Flashs de Jesus Etxebarria :

… la guerre : « Je crois que la ville s’appelait Villareal, nous dans le bataillon Alava, nous voulions reprendre Vitoria tombée dans les mains des franquistes dès le début de la guerre et ce village au bord d’une rivière était au milieu. Certains de nos camarades ont essayé de passer la rivière à gué… Il y avait un nid de mitrailleuses franquistes caché dans le clocher de l’église. De cette manière, ils pouvaient dominer le terrain... Tous les nôtres qui étaient déjà dans l’eau se sont faits massacrer… Puis la retraite vers le nord et la résistance à Otxandiano pour protéger la Biscaye. Nous n’avions pas de moyens militaires, eux ils ne manquaient de rien, appuyés comme ils l’étaient par les Allemands et les Italiens ».

… le peloton d’exécution : « Un jour, j’ai été appelé avec un groupe de prisonniers… Ils voulaient nous fusiller. Puis vint l’ordre de me ramener dans la cellule. Les autres furent fusillés… Et je ne sais toujours pas, je n’ai jamais su qui a donné cet ordre qui m’épargna la vie… »

… la prison : « Je n’étais pas malheureux en prison, on s’habitue, on s’y fait des amis. J’écrivais et je lisais, je passais le temps avec les copains. Je lisais des « histoires vivantes », les romans historiques... Je devais faire la lecture à voix haute aux autres prisonniers. On m’avait donné la responsabilité de la bibliothèque de la prison… »

… les jeux : « à Tolède, dans les bataillons disciplinaires, je me souviens du Château de San Servando, du coté du Tage. »

… la gym : « Ils nous faisaient faire de la gym à Tolède, et tout se réduisait à deux ordres « abran pies », « cierren pies », dans la Plaza de Toros. »

… la valise : « J’ai fait le voyage pour voir ma mère mourante à Paris pendant la guerre. A l’arrivée, j’ai pris la première valise au-dessus de moi puis je me suis aperçu que je m’étais trompé de valise… A l’intérieur, il y avait des documents allemands concernant les Juifs. Des adresses, et d’autres infos destinées à la gestapo. J’ai montré la valise à un juif qui se cachait à Paris, il m’a remercié en me disant que j’avais sauvé plusieurs vies. Il m’a demandé d’écrire à son frère qui était à New York, ce que j’ai fait dès que j’ai pu rentrer à nouveau en Espagne. Il me semble qu’il s’appelait Jovanovici… Quelques temps après, j’ai reçu une lettre de New York où cet homme me remerciait de lui avoir dit que son frère était vivant. Il m’a aussi proposé du travail dans ses entreprises au cas où je souhaitais partir en Amérique… »
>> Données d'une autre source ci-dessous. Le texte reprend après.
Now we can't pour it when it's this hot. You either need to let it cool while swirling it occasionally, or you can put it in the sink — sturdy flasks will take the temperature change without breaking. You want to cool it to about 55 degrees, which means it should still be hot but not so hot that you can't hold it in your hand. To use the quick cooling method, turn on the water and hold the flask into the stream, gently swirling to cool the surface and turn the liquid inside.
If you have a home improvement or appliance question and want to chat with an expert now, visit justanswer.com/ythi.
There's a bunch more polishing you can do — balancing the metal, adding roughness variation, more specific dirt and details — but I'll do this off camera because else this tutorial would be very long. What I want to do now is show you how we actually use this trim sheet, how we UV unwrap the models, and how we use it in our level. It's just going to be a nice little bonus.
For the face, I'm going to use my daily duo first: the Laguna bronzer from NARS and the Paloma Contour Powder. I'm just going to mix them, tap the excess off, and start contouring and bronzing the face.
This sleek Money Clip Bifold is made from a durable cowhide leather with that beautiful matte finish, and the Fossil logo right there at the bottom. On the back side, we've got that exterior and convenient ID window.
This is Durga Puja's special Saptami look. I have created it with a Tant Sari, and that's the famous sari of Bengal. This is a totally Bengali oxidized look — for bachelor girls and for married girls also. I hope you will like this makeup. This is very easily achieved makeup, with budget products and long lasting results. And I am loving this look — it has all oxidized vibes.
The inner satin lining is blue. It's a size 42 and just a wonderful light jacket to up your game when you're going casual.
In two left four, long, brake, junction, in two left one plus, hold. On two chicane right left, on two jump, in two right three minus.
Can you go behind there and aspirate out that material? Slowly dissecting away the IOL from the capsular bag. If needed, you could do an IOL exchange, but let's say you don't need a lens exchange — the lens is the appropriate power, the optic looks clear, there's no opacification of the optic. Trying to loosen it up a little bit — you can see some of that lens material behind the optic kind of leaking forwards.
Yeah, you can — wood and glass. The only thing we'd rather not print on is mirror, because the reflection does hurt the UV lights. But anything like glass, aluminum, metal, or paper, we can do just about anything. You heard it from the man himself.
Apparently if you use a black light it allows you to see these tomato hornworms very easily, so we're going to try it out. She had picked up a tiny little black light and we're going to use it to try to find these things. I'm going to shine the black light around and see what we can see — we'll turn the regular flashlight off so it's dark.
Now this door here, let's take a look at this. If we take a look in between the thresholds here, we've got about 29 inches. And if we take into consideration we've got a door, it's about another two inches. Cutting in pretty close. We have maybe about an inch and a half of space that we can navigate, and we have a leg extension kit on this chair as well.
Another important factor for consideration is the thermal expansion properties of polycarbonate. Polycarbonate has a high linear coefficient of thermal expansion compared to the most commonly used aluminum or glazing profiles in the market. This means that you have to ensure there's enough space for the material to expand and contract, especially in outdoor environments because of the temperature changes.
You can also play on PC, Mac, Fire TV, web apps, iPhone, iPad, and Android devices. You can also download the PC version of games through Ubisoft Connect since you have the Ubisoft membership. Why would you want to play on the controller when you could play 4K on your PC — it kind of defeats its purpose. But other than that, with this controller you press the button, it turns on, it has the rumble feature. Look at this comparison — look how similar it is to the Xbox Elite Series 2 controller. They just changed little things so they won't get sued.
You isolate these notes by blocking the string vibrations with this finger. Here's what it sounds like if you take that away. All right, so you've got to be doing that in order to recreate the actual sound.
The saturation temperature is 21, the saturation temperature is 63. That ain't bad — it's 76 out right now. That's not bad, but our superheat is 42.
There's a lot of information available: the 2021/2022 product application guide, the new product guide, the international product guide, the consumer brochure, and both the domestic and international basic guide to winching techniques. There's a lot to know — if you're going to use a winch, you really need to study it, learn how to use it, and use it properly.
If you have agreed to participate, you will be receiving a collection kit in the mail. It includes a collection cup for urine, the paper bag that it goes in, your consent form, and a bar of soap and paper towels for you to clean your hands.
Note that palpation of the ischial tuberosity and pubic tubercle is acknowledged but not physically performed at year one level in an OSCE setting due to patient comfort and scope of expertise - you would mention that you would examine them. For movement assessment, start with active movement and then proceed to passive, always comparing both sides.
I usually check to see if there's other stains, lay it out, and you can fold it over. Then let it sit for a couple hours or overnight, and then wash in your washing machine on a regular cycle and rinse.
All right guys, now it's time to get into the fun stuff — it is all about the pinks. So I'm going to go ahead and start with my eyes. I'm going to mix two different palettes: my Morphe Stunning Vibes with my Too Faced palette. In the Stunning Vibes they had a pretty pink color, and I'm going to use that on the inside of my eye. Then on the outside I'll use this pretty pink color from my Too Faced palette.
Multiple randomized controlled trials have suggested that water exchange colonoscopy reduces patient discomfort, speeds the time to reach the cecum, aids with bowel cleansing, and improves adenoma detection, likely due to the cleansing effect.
… ma sœur : « Aurea était très belle, ma femme me disait qu’elle lui rappelait “ la beauté noire de Baudelaire ”. Elle s’est mise à chercher du travail et elle est allée à Bayonne. Sous les arcades, elle s’est mise à regarder des bijoux dans un magasin. Puis elle voit sur la vitre un visage au dessus du sien. Elle le reconnaît, c’est Tomás, un cousin d’Irun, marié à Mme Rementeria la plus grande championne de pelote de l'époque. Tomás était à Paris, il y avait monté un restaurant au Faubourg St Honoré et il cherchait une gérante. C’est ainsi qu’elle est partie à Paris…»

… Barambio : « Cest le dernier village de l’Alava, et ensuite, de l’autre côté de la montagne, il y a Orozko, le premier village de la Biscaye. Et cette chanson : ya me voy, ya me voy yendo al pueblo donde nací… »

… la révolte : « L’expérience du combattant, ce que ça donne ? Un révolté. »

… la lumière et l’ombre : « ni le plein jour ni la nuit profonde. J'aime la lumière filtrante, le rais de lumière qui traverse la nuit, révèle les ténèbres, sculpte les ténèbres, est sculpté par elles »

Jesus Etxebarria

Jesus Etxebarria est né en 1916 à Barambio, Alava. Il a été combattant nationaliste basque dans le Bataillon Alava pendant la guerre civile espagnole. Prisonnier de guerre sous Franco pendant plusieurs années, il a ensuite rejoint sa famille réfugiée en Iparralde. Après la guerre il rencontre son épouse Maielen Gastigard et il commence à sculpter le bois.
Jesus Etxebarria a gagné récemment le prix de la ville de Bayonne et d’Eusko Ikaskuntza.